WHAT TO WORK ON:
The lines from the one containing "JBL PartyBox Club" through the final line of the listing below are what the answer must repeat, exactly and only, leaving pictures out.

EXERCISE DATA:
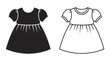 © Photo Sell - Child s dress silhouette black and white line art illustration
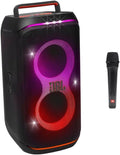 JBL PartyBox Club 120 Portable Speaker with Foldable Handle Pro Sound Futuristic Lightshow (Black) Bundle with JBL Wired Dynamic Vocal Mic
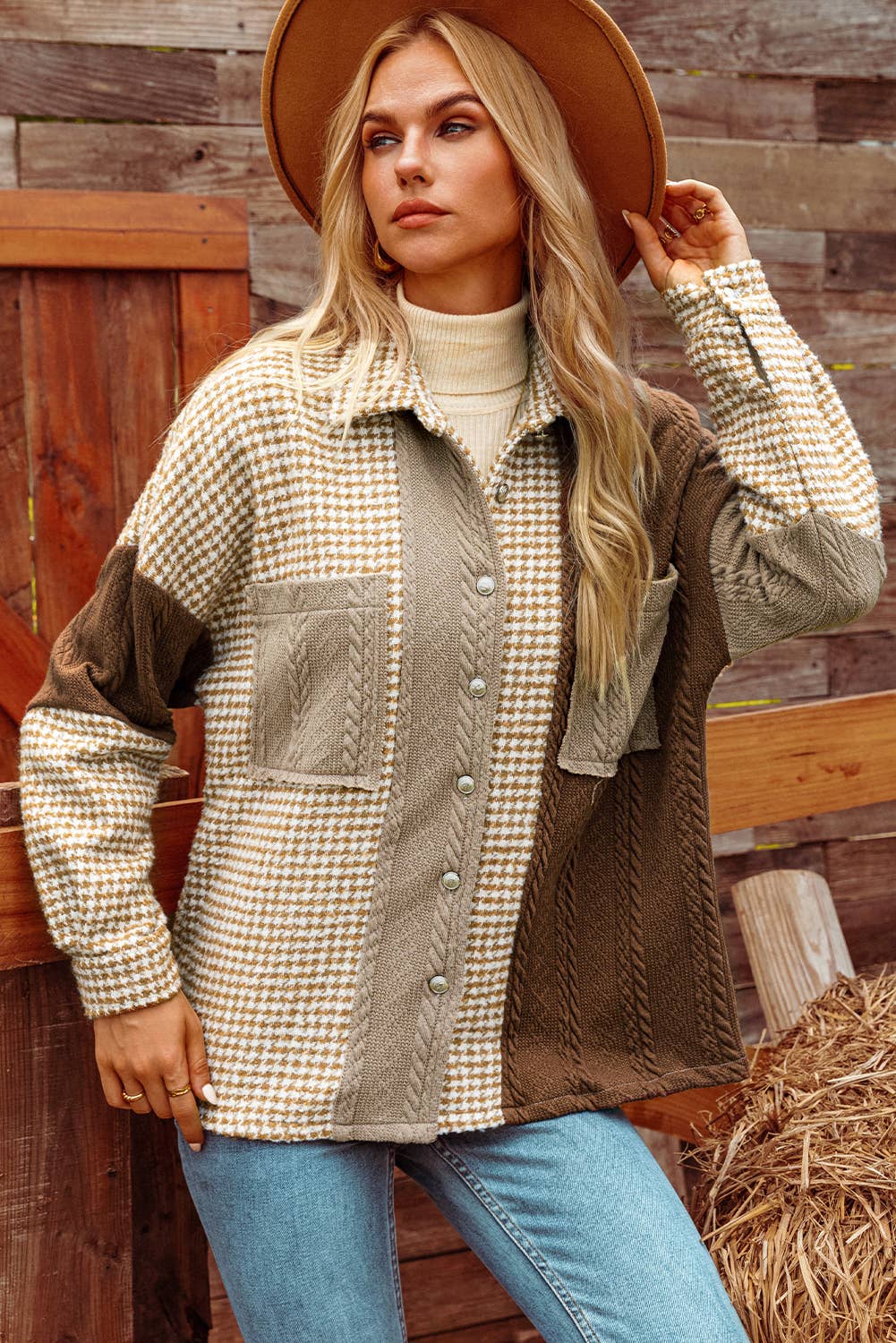 Houndstooth Contrast Texture Patchwork Loose Shacket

WRITTEN SOLUTION:
 JBL PartyBox Club 120 Portable Speaker with Foldable Handle Pro Sound Futuristic Lightshow (Black) Bundle with JBL Wired Dynamic Vocal Mic
 Houndstooth Contrast Texture Patchwork Loose Shacket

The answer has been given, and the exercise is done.